- Soltani-ye Olya Location within Iran
- Coordinates: 32°04′08″N 59°29′11″E﻿ / ﻿32.06889°N 59.48639°E
- Country: Iran
- Province: South Khorasan
- County: Nehbandan
- District: Sardaran
- Rural District: Seyedal

Population (2016)
- • Total: 98
- Time zone: UTC+3:30 (IRST)

= Soltani-ye Olya =

Village in South Khorasan province, Iran

Soltani-ye Olya (سلطاني عليا) (Note: Also romanized as Soltani Olya, Solţānī ‘Olyā, and Solţānī-ye ‘Olyā; also known as Solţānī and Sutuni) is a village in Seyedal Rural District of Sardaran District in Nehbandan County, South Khorasan province, Iran.

==Demographics==
===Population===
At the time of the 2006 National Census, the village's population was 137 in 44 households, when it was in Arabkhaneh Rural District of Shusef District.
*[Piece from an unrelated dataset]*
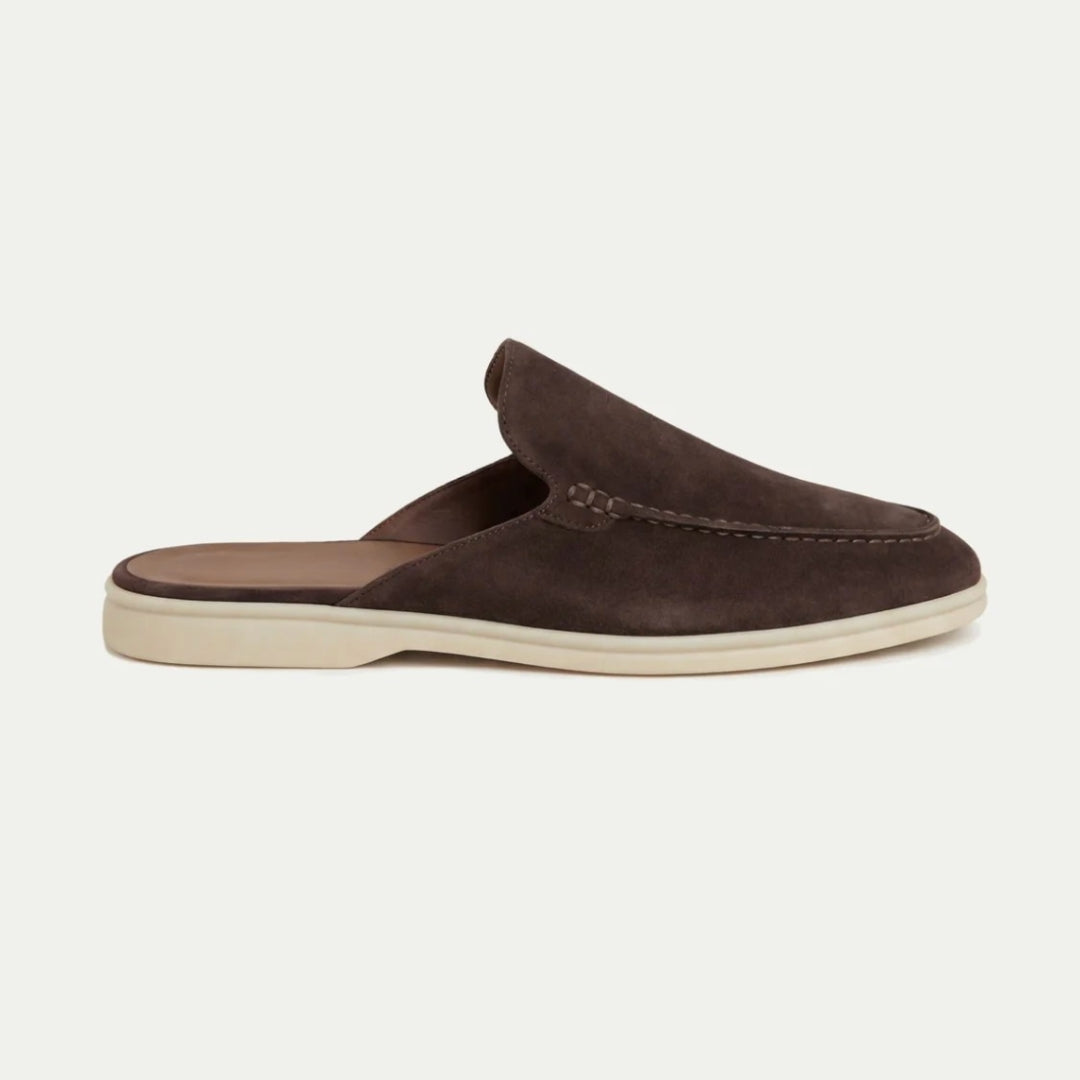 Mules à enfiler en simili cuir surpiqué au style intemporel homme – Varenne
The following census in 2011 counted 101 people in 31 households. The 2016 census measured the population of the village as 98 people in 31 households.

In 2020, the rural district was separated from the district in the formation of Sardaran District, and Soltani-ye Olya was transferred to Seyedal Rural District created in the new district.